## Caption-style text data
◇ ◇ ◇

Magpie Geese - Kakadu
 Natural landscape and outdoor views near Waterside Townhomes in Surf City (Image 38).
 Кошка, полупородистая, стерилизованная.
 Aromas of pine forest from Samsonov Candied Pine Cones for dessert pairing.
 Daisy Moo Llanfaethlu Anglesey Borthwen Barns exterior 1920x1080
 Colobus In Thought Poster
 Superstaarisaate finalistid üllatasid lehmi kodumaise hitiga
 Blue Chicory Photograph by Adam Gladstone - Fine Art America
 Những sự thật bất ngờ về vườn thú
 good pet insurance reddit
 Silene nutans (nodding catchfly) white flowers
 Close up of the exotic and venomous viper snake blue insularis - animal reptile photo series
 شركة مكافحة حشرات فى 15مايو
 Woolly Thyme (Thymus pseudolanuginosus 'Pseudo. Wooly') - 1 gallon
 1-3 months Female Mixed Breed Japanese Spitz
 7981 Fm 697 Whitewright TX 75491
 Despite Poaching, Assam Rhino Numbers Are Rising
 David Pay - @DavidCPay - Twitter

◇ ◇ ◇

## Problem statement
Restate the entries above word for word.

## Output
Magpie Geese - Kakadu
 Natural landscape and outdoor views near Waterside Townhomes in Surf City (Image 38).
 Кошка, полупородистая, стерилизованная.
 Aromas of pine forest from Samsonov Candied Pine Cones for dessert pairing.
 Daisy Moo Llanfaethlu Anglesey Borthwen Barns exterior 1920x1080
 Colobus In Thought Poster
 Superstaarisaate finalistid üllatasid lehmi kodumaise hitiga
 Blue Chicory Photograph by Adam Gladstone - Fine Art America
 Những sự thật bất ngờ về vườn thú
 good pet insurance reddit
 Silene nutans (nodding catchfly) white flowers
 Close up of the exotic and venomous viper snake blue insularis - animal reptile photo series
 شركة مكافحة حشرات فى 15مايو
 Woolly Thyme (Thymus pseudolanuginosus 'Pseudo. Wooly') - 1 gallon
 1-3 months Female Mixed Breed Japanese Spitz
 7981 Fm 697 Whitewright TX 75491
 Despite Poaching, Assam Rhino Numbers Are Rising
 David Pay - @DavidCPay - Twitter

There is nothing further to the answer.